Los últimos días de diciembre y los que dan entrada al año subsiguiente, son propicios para el juicio del desempeño propio y el establecimiento de nuevas metas, sueños y objetivos. En esta ocasión también lo fueron para apreciar el arte de uno de los creadores fundamentales, sino es que el más, de la plástica del siglo XX: Pablo Picasso (1881-1973). El pintor, escultor, grabador y escenógrafo malagueño, nacido hace 127 años en la vieja España, produjo más de 2000 obras que rondan museos y colecciones privadas alrededor del mundo.
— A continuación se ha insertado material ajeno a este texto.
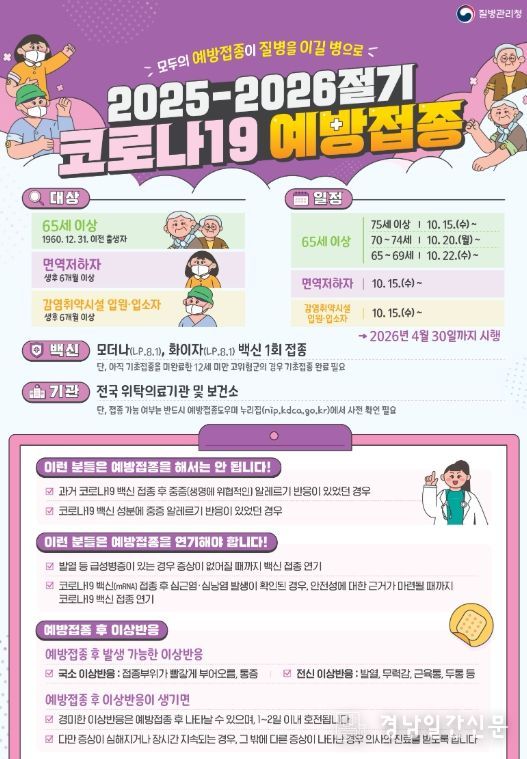 양산시, 환절기 건강 필수템으로 예방접종 참여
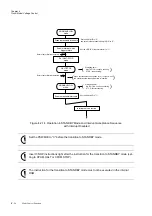 Preview for 166 page of Panasonic MN101L Series User Manual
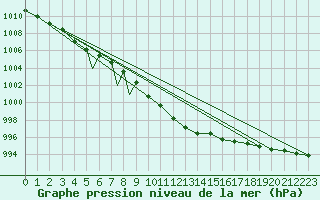 Courbe de la pression atmosphrique pour Praha Kbely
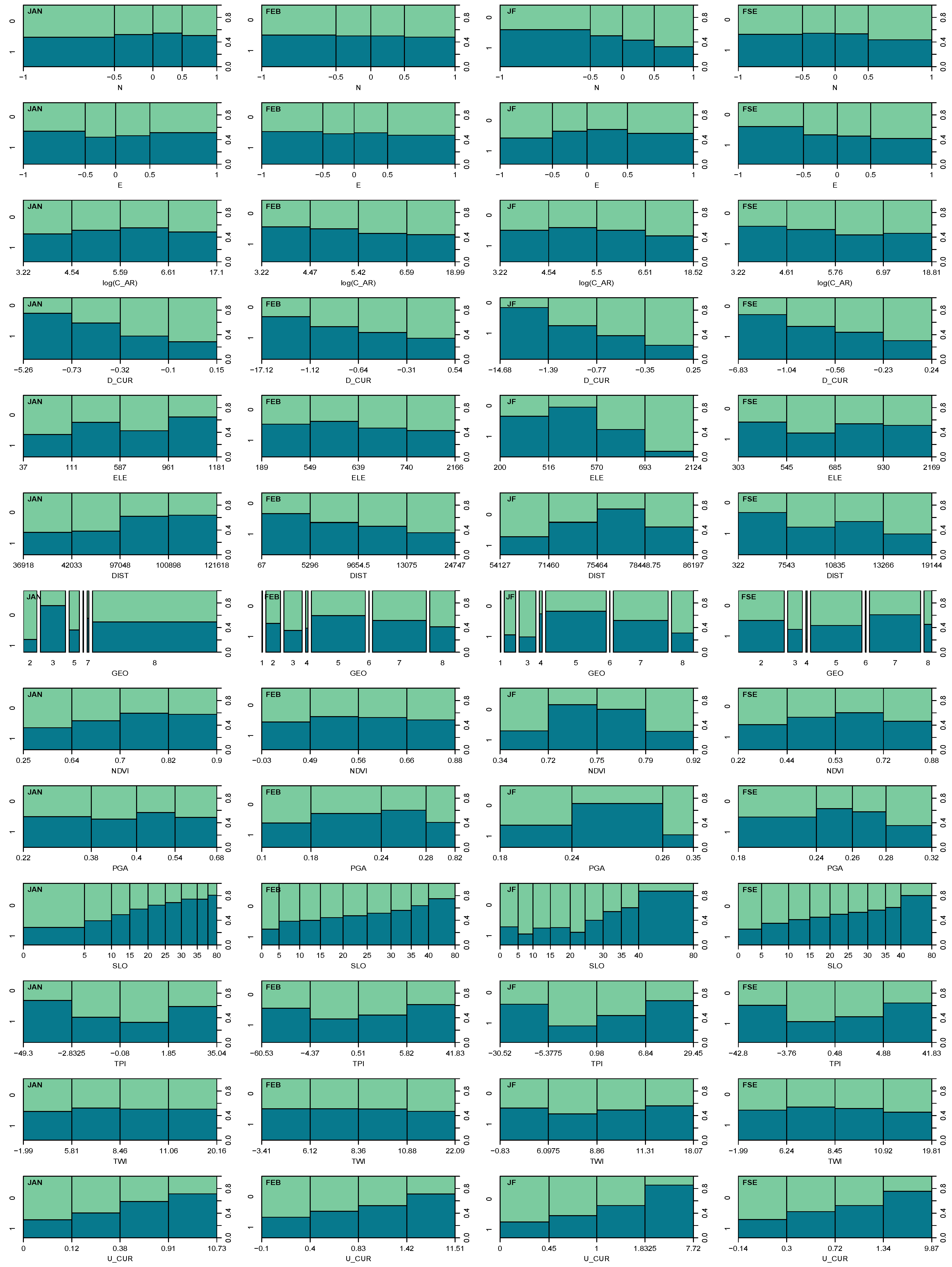 Ijgi 12 00178 g009 Ijgi 12 00178 g009
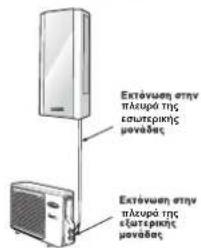CARRIER 42ADF035 - ПРОФУЛАЕН - 1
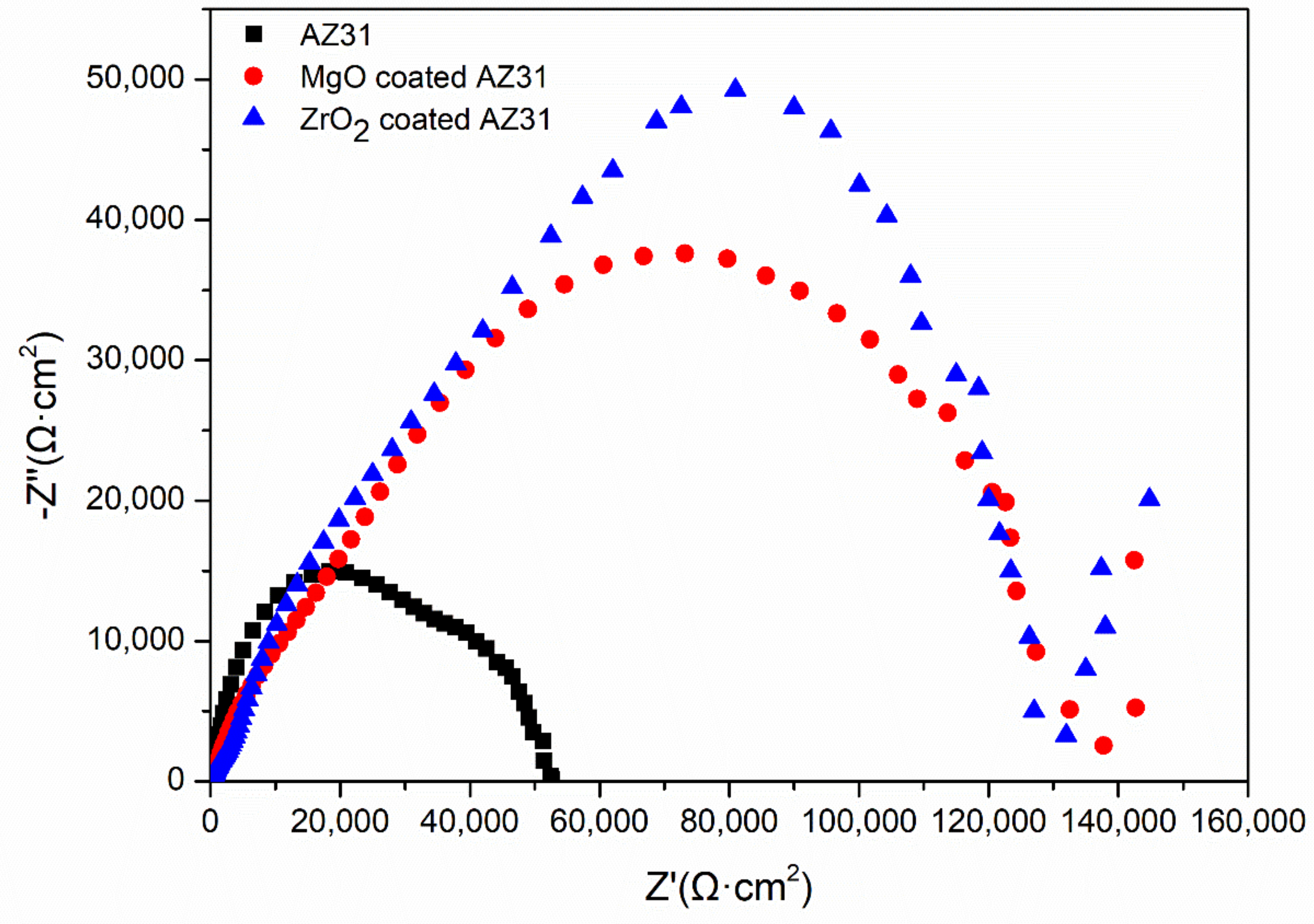 Coatings 08 00441 g006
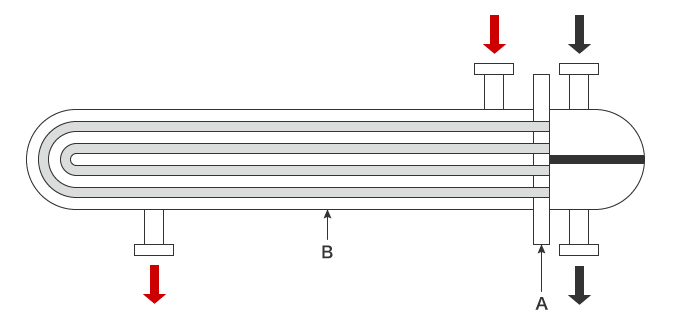 U-tube heat exchanger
Pero cuando digo alrededor del mundo, hay que entender que sólo unas pocas ciudades privilegiadas, y en ellas sólo un puñado de individuos, tienen acceso a las exposiciones.
Para muestra de lo anterior baste decir que nunca, hasta enero del presente año, se habían presentado en nuestro país, al unísono, dos exposiciones del pintor más emblemático del cubismo. Pero esto no es lo más sorprendente: entre las dos ciudades anfitrionas median 400 kilómetros y una autopista de alta velocidad, de tal manera que una persona podría haber apreciado en el mismo día unos ciento sesenta grabados originales del artista español. Estas dos exposiciones eran la correspondiente a la “Suite Vollard” y la denominada “Picasso: la belleza múltiple”. Las ciudades: Cancún, Quintana Roo, y Mérida, Yucatán. Uno de los privilegiados (y cuesta mucho trabajo utilizar el adjetivo) en visitar ambas exposiciones, quien estas palabras escribe.
En el centro de la frivolidad, donde el Mar Caribe con toda su belleza encuadra el despilfarro y la diversión evasiva, está Plaza la Isla, un centro comercial moderno, confortable y dolarizado. Y en ella, la fundación Pelópidas ha establecido una pequeña galería que se las arregló, con apoyo del Instituto de Cultura del estado y de la Fundación Bancaja, para albergar un centenar de obras realizadas entre 1934 y 1939 y adquiridas por el editor y galerista Ambroise Vollard a cambio de obras de Jean Renoir y Paul Cézanne. El costo de la entrada, caro para quienes estamos acostumbrados a los museos del Estado, se tornaba soportable si pensamos que había que pagar un peso con veinticinco centavos para observar cada pieza.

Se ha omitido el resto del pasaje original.